DATASET EXTRACT
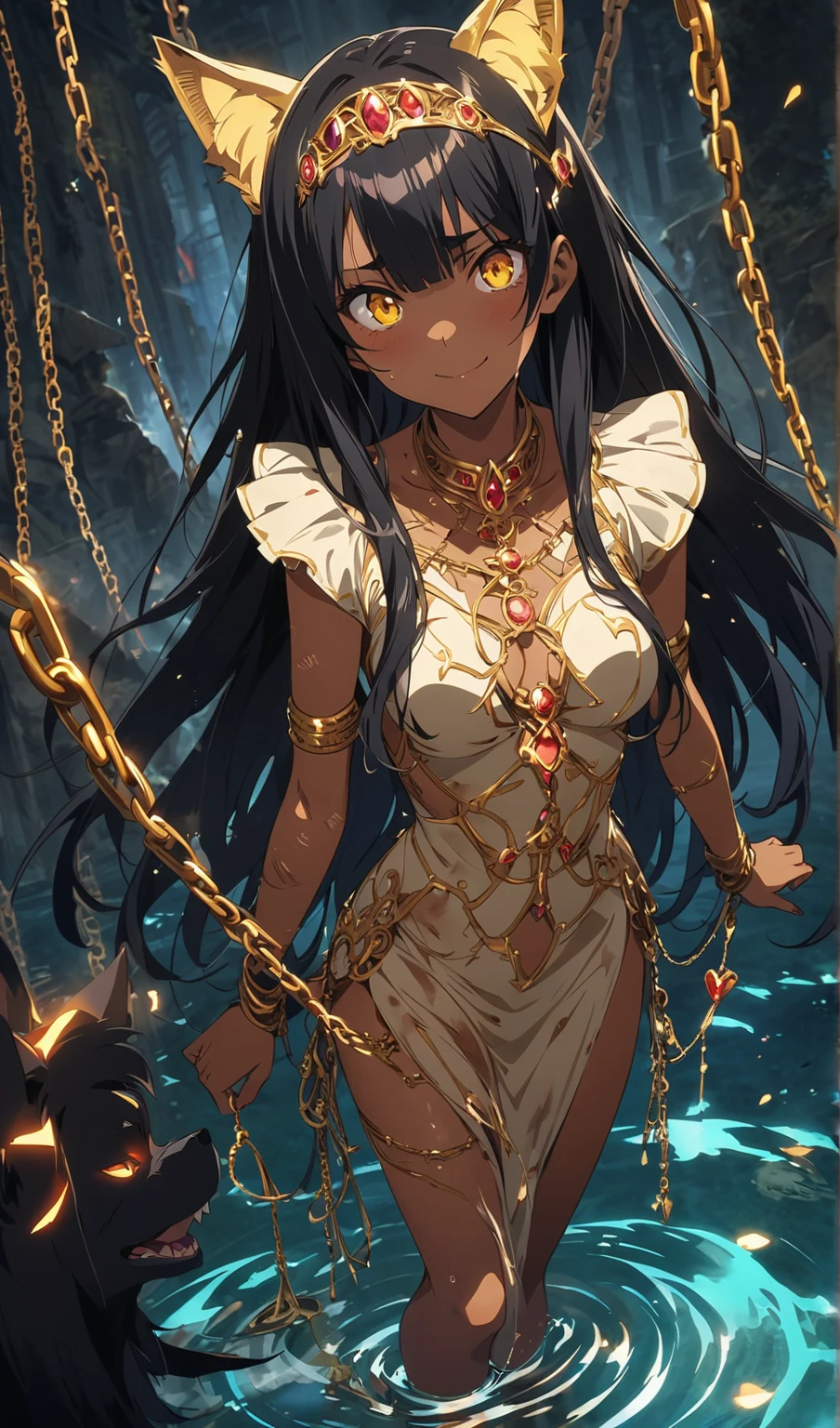 ((Dark-skinned girl)), (Tea plot and cropped rag dress), (Enslaved), Chained, Sad, hurt, (abused), (Slave market), Crying, Full body view, the scars, (Bleeding)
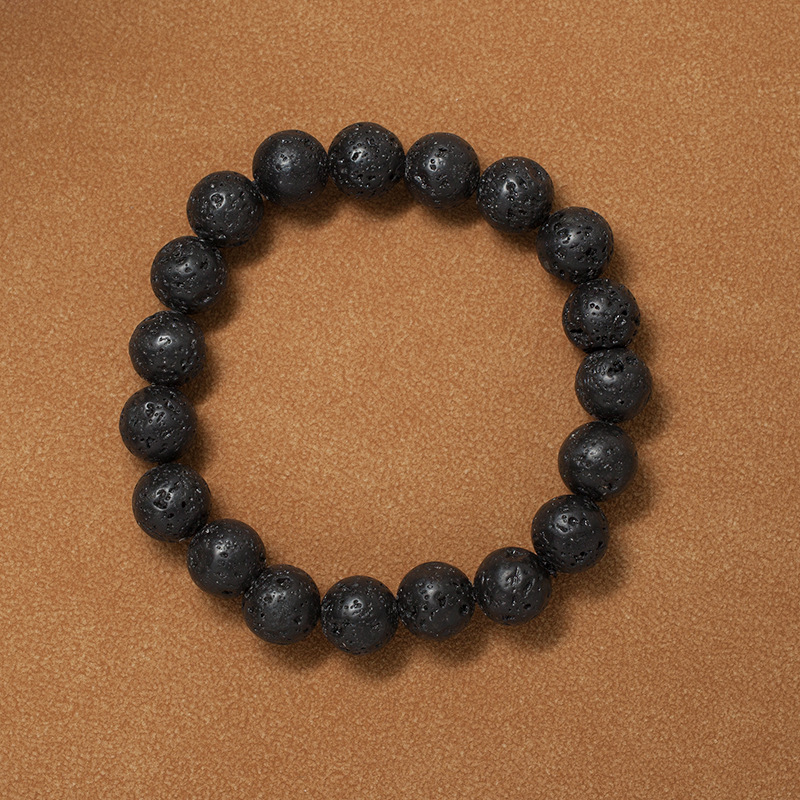 Lava rock stone Bracelet for Women Natural Gemstone Round Stone Crystal Beads for Beaded Elastic Bracelet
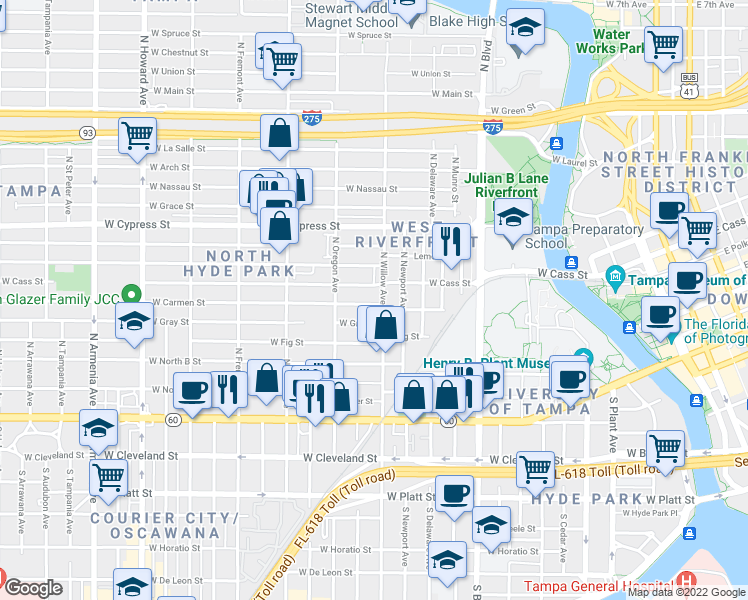 map of restaurants, bars, coffee shops, grocery stores, and more near 608 North Willow Avenue in Tampa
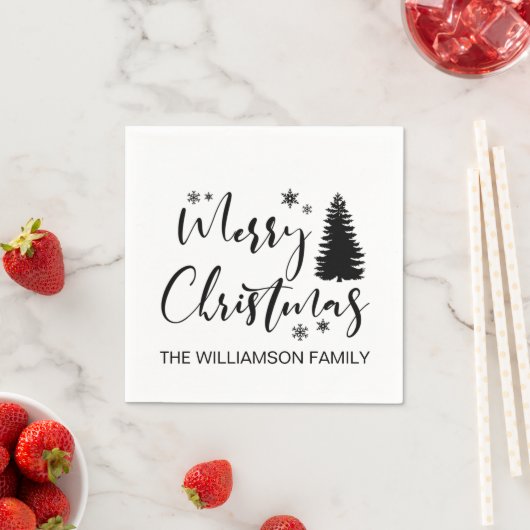 Modern Black Script "Merry Kerstmis" en Fir Tree Servet (Insitu)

EXERCISE BRIEF
Return all the material exactly, skipping pictures.

RESULT FOR THIS TASK
 ((Dark-skinned girl)), (Tea plot and cropped rag dress), (Enslaved), Chained, Sad, hurt, (abused), (Slave market), Crying, Full body view, the scars, (Bleeding)
 Lava rock stone Bracelet for Women Natural Gemstone Round Stone Crystal Beads for Beaded Elastic Bracelet
 map of restaurants, bars, coffee shops, grocery stores, and more near 608 North Willow Avenue in Tampa
 Modern Black Script "Merry Kerstmis" en Fir Tree Servet (Insitu)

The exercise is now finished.